- [Task instructions] All of the data should be given again word for word, though the images are to be left out.

Dataset entries
Content starts
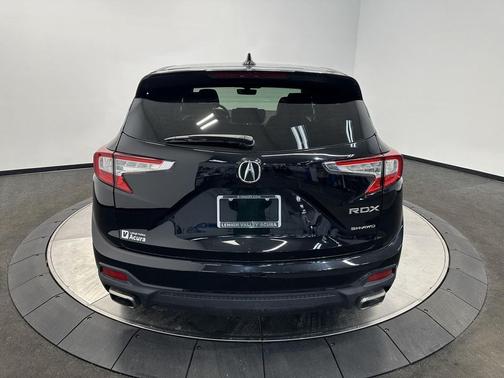 2023 Acura RDX Base
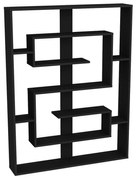 Biblioteca Esteban Black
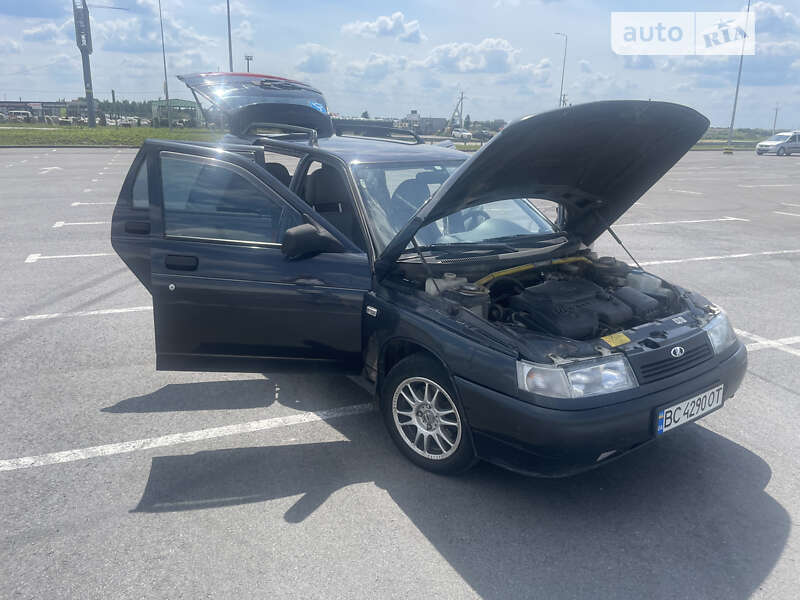 Універсал ВАЗ / Lada 2111 2008 в Львові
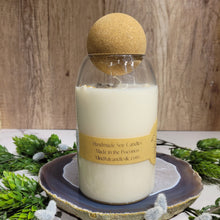 Load image into Gallery viewer, Fresh Linen Soy Candle
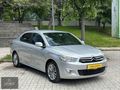 2015 CİTROEN C-ELYSEE 1.6 HDI EXCLUSİVE 110.000KM HATASIZ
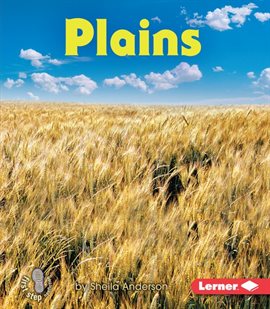 Cover image for Plains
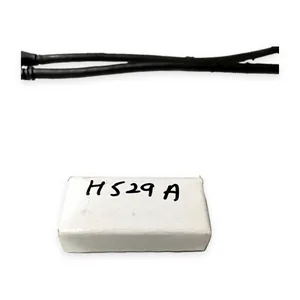 General Electric CR123H529A Overload Relay Heater Element – actual item, photo 1 of 8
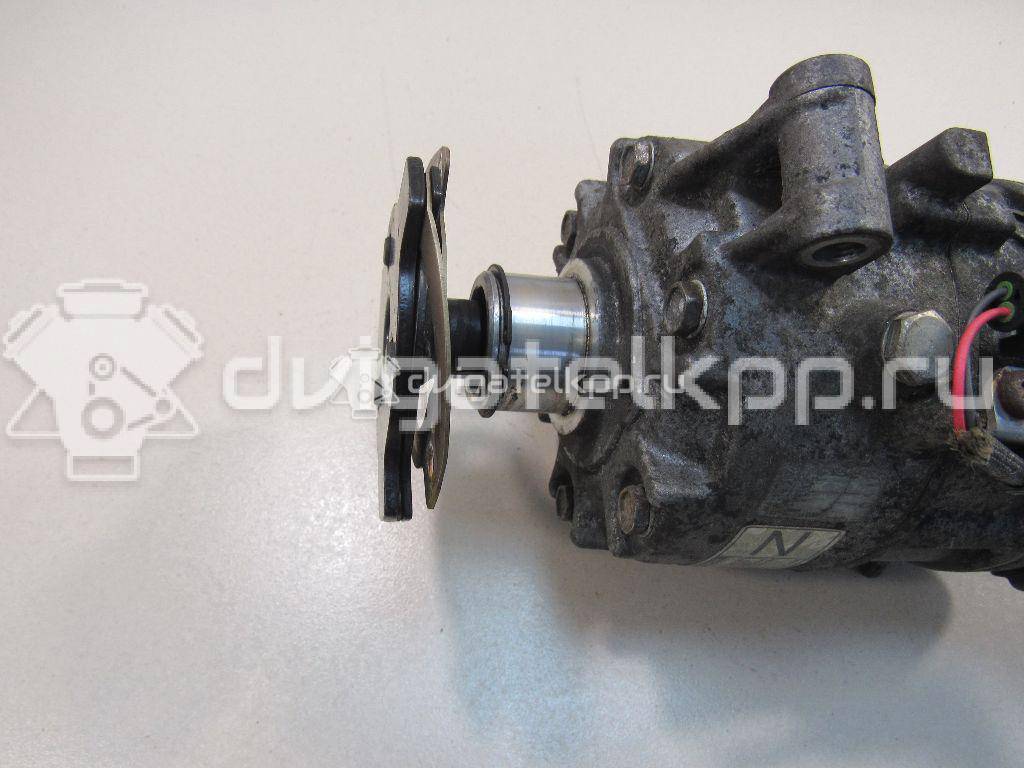 Фото Компрессор системы кондиционирования  64526915380 для Bmw 1 / X1 / 3 {forloop.counter}}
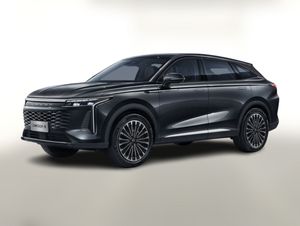 Omoda Omoda 9 PHEV Premium Pano 4X4 540° el.Heckk SHZ Leasing privat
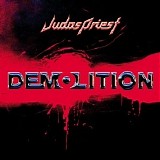 Judas Priest - Demolition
Content ends
- [Response to this exercise]
 2023 Acura RDX Base
 Biblioteca Esteban Black
 Універсал ВАЗ / Lada 2111 2008 в Львові
 Load image into Gallery viewer, Fresh Linen Soy Candle
 2015 CİTROEN C-ELYSEE 1.6 HDI EXCLUSİVE 110.000KM HATASIZ
 Cover image for Plains
 General Electric CR123H529A Overload Relay Heater Element – actual item, photo 1 of 8
 Фото Компрессор системы кондиционирования  64526915380 для Bmw 1 / X1 / 3 {forloop.counter}}
 Omoda Omoda 9 PHEV Premium Pano 4X4 540° el.Heckk SHZ Leasing privat
 Judas Priest - Demolition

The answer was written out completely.